О тот, кто жарче огня!

Во славу твою! Во имя твое!

Собрал воедино раб Света Копье!

Как только слова были произнесены, активирующий свиток рассыпался серебристой золой. Само же Копье, получив благословение Владыки после озвученной молитвы, окутывалось золотым светом, приникающим в каждый узор, меняя и древесину рукояти и лезвие, очищая и затачивая до идеального состояния. Вот она — мощь высшего создания, призванного самим Создателем сущего в их мир. И находится она в руках Помазанца Света и наместника справедливости.

— Во имя Пресветлого! — гаркнули в один голос паладины и рыцари, идущие путем света. — Во имя Его Святейшества!

Каждый из них был готов к бою, возможно, даже к последнему в их жизни. Был готов и Его Святейшество. Роль в этом походе у него самая важная — вселить в сердца паладинов и воинов веру в Пресветлого. Наставить их на путь истинный, указать заблудшим душам дорогу, отправив тех на перерождение. На самом же деле загрести жар победы чужими руками, остаться чистым, как и прежде венценосным.

— Во имя Пресветлого! — вторил своим паладинам и рыцарям Святейшество, взывая к Копью, к его силе и разрушительной энергии.
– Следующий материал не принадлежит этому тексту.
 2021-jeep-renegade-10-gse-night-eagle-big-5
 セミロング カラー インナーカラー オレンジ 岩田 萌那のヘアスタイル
Волна света, сорвавшаяся мощным потоком с кромки лезвия, не оставившая и следа от ближайших елей и сосен, доказала всем воинам, стоявшим подле Святейшества, что его и в самом деле избрал Владыка. Паладины и рыцари, склонив головы в знак уважения и почтения, ждали приказа. Но никто, ни Святейшество, ни серебряный паладин, ни старший рыцарь, не ожидали того, что произошло далее.

Святейшество, перехватив копье в другую руку и подняв его над головой, сказав: «Во имя Света!», призвав в очередной раз благодать древнего артефакта, закричал от неимоверной боли. Не понимая, что происходит, продолжая держать копье в руке, он взывал и взывал к Пресветлому, да только бесполезно. Благодати не было, только жгучая, как от пламени бездны боль.
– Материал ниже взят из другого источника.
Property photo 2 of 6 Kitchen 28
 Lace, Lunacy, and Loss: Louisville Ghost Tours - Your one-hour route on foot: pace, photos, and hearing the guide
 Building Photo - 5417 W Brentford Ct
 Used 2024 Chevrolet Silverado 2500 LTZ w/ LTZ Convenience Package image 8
— Как это? — не понимал Его Святейшество. — Когда успела, тварь? — взревел диким, раненым зверем главный храмовник, как только древко, лезвие и хват Копья объяло сапфировый огнем.

Лишь единицам из присутствующих было известно, кому именно принадлежит сапфировый огонь. Какому роду, точнее, какой из ныне покойных глав. А принадлежало данное пламя, разрушительное и сжигающее все, даже тень, тьму и свет, ей — Шарлотте ваэ Ихтаррис. Сапфировой Ведьме, наследнице древнего рода, предок которого пришел с Владыками, дабы спасти мир от Элементалей. И именно она, каким-то образом, с того света, или через последнюю волю, прокляла Святое Копье своим огнем. Так думал Его Святейшество, смотря на языки пламени, танцующие по древку и лезвию.
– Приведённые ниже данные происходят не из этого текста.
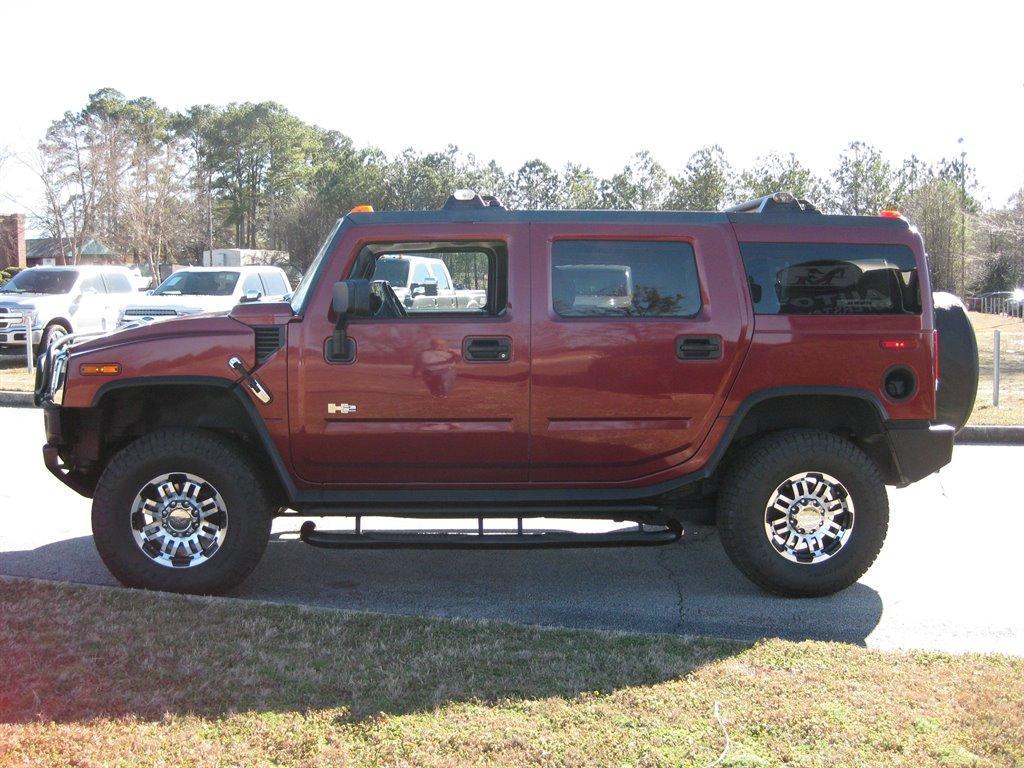 used 2005 Hummer H2 car, priced at $12,500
— Тварь! Гори ты Черным Пламенем! — в даль, в небесную высь выкрикнул Святейшество, адресуя эти слова той самой Ведьме, по чьей вине Святое орудие в его руках рассыпалось пеплом, как и надежда на величие и наивысший чин из возможных. — Ненавижу тебя, ваэ Ихтаррис! — процедил сквозь зубы храмовник, навлекая на себя и всех тех, кто рядом беду, активируя этим дополнительное проклятие.

— Ха-ха-ха! — раздался знакомый старшему храмовнику смех, принадлежащий почившей главе Ихтаррис. А следом предстала, словно живая, и сама леди Шарлотта, объятая сапфировым пламенем.

— Демоница! — выплюнул старший Храмовник, зассмотрев облик леди внимательнее. Она предстала в нечеловеческом облике.

По телу, не прикрытому тканью бархатного платья, тянулась замысловатым узором сине-черная чешуя. Длинные волосы ваэ Ихтаррис были окрашены в оттенок подвластному ей пламени. Голову венчали тонкие, раздвоенные рога, уходящие острыми кончиками назад. На изящных руках — переливающиеся опалом заостренные по-кошачьи когти, рвущие даже мировую ткань.